L’expression cridar a foc se retrouve au vers 20 de notre poésie. Elle ne peut signifier que « crier au feu », mais qu’est-ce alors que « crier au feu pour sire Roger » ? Serait-ce simplement un cri d’encouragement ?
J’attire enfin l’attention sur un passage de Guilhem de Montanhagol (23) :
 
     Mas ar volon li ric fols cridadors,
     Don farion a cridar malamens
     E a blasmar ab crit de viltenensa.
 
M. Coulet traduit (p. 191) : « Mais de nos jours les grands n’aiment comme poètes que ceux qui crient follement : par là, ils mériteraient d’être blâmés & accompagnés de clameurs de mépris. » Ne ferait-on pas mieux, d’accord avec ce que nous avons vu plus haut, de traduire ainsi les premiers vers : « Mais, de nos jours, les grands désirent des crieurs qui louent sans réserve » ? Comparez les vers, qui suivent avec ceux cités plus haut :
 
E quar li fol lauzo ses entendensa
So qu’ilh mal fan, lur lauzars lui par bos ;
Mas fols laus catz quar no·l soste razos.
 
10. Meisso (dans R) peut être Mison (près de Sisteron). Raynouard lit Puymeisso, ou il voit, sans doute, Puimoisson, Basses-Alpes, arrondissement de Digne. Mais d’où tire-t-il cette leçon ?
 
11. Le duc de Torcho (dans R) ne saurait être correct. Je trouve un Raymond de Turcho parmi les témoins de Charles d’Anjou au traité qu’il a conclu avec Milan, en 1265 (24); mais le titre de « duc » est naturellement impossible. Je n’ose pas lire Torno : le changement serait plutôt arbitraire, mais on pourrait alors rapprocher le nom de Guigo de Tournon (25). Ce qui donnerait peut-être quelque consistance à cette conjecture, c’est que ce Guigues a été le « cavalier » d’Almuc de Castelnou, & que justement Castelnou figure dans l’énumération de Bertran (v. 16).

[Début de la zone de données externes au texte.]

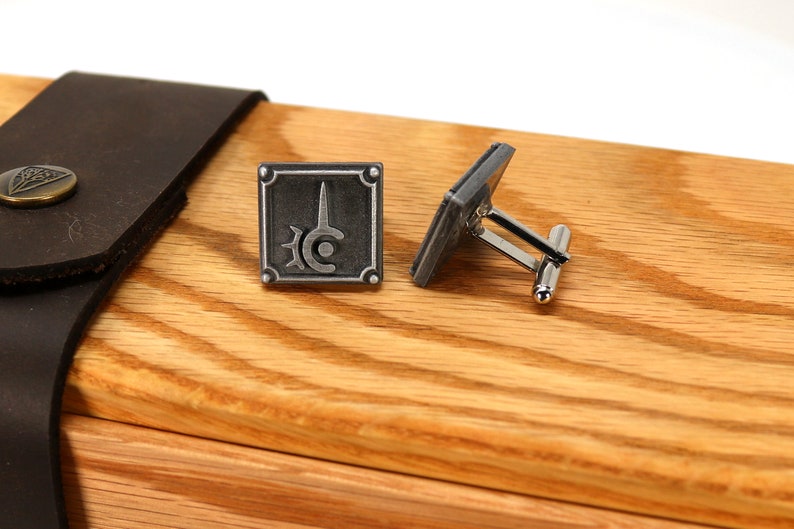 May include: A pair of silver cufflinks with a square design featuring a stylized sword and circle. The cufflinks are displayed on a wooden surface.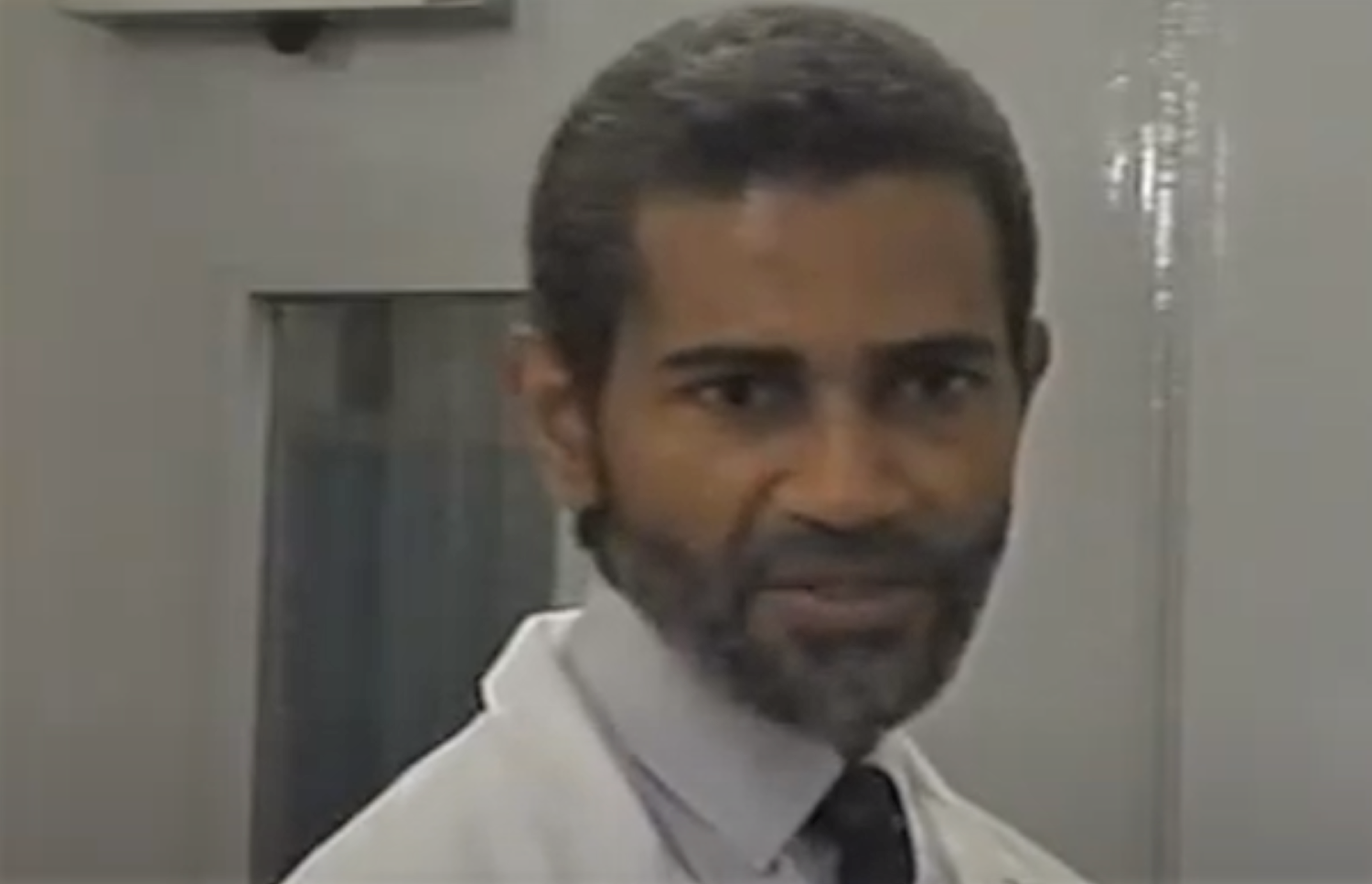 Wyllie Longmore as Dr McKinnon looking worried in Coronation Street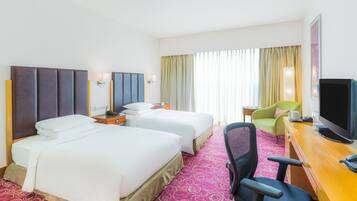 A hotel room with two beds, a desk with a television, a chair, and a window with curtains.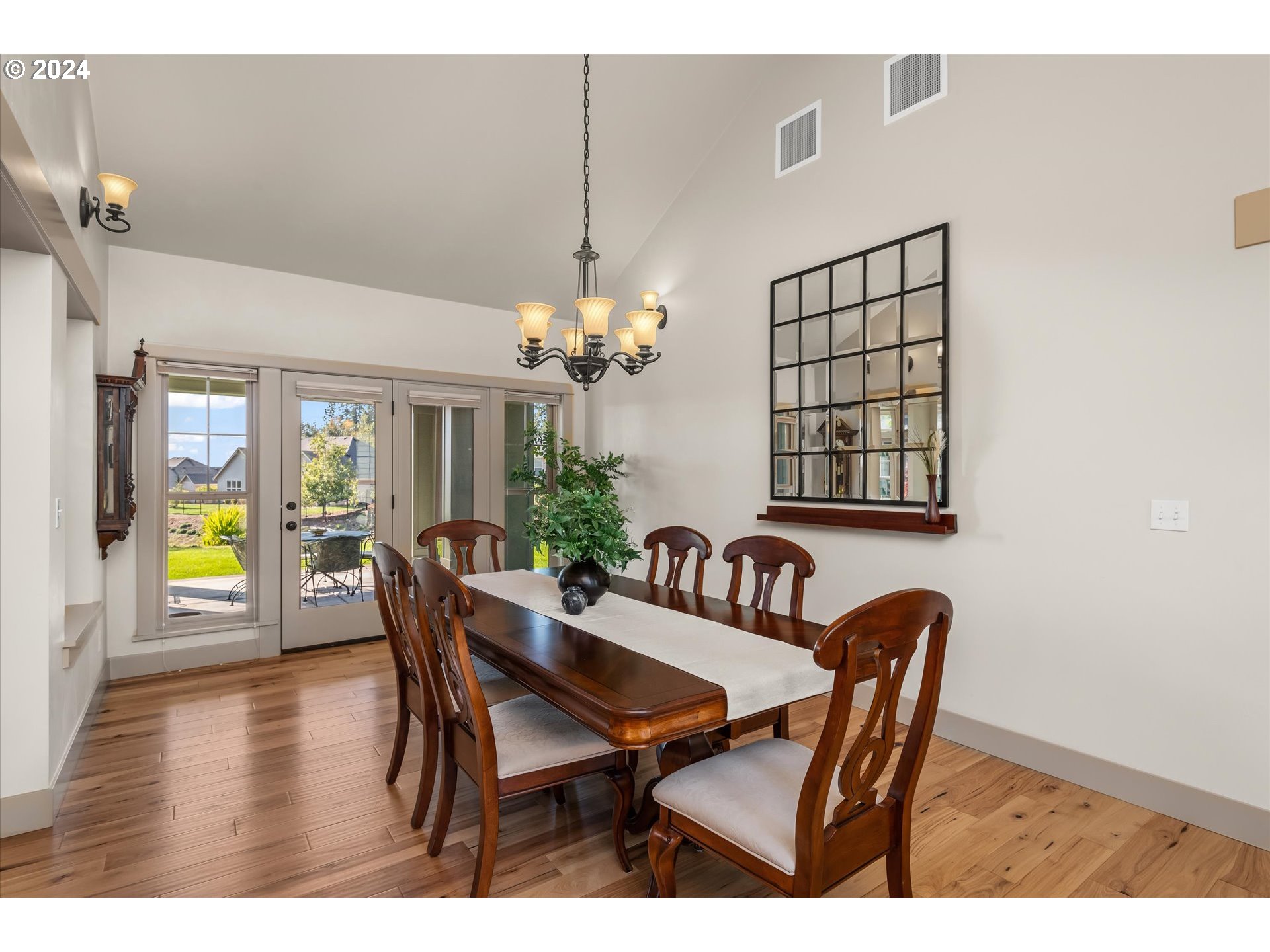 6019 Graystone Loop Springfield, OR 97478 - Photo 10 of 46 a view of a dining room with furniture and chandelier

Tournon est dans l’Ardèche.
 
12-13. On trouve combinés les noms de Miullon & de Corteso dans une autre poésie, la tenson de Faure & Falconet, au vers 33 & suivants (26) :
 
En Falconet, mas lo coc es cregutz,
Ge·l doblaray del senhor de cuy for
Say Foucalquier, don es coms abatutz,
E met’ieu·s il senhor de Cortezo
Ab son oncle en R. de Mealho.
 
M. Schultz (27) relève dans la pièce, Bartsch, nº 125 (28), le nom de Raimonet de Mévouillon. Raimbaut de Vaqueiras parle du don de Meolho (29).
M. Selbach (30) place notre sirventés avant 1218, parce que le seigneur de Courtheson serait Guillaume des Baux, qui est mort en cette année ; je ne sais pas sur quoi repose cette identification, qui ne saurait être juste.
Mévouillon est situé dans le département de la Drôme, au nord-est de Carpentras, & Courtheson, à l’ouest de cette ville & au sud d’Orange.
 
14. Selo (R), Salo (H), Il s’agit sans doute de Salon, forteresse située entre Avignon, Arles, Marseille & Aix (31).
 
15. Sur Lunel, voyez Coulet, Montanhagol, p. 25. Sobresen se rencontre encore, Bartsch, Denkmaeler, 110, 18, au sens de « intelligence supérieure ». Raynouard (V, p. 197) traduit « déraisonnement ».
 
16. Sur Castelnou, voyez Schultz, Die Provenz. Dichterinnen, p. 13.
 
29. M. Zenker (32) croit à l’existence d’une tenson réelle qu’auraient faite Bertran & son frère. Je suis plutôt de l’avis de M. Jeanroy (33), qui considère ici l’expression partimen comme une métaphore.
Sur le frère de Bertran, voyez le chapitre final.
 

 

Notes :

1. Raynouard, Choix, V, pp. 143 et 176. ()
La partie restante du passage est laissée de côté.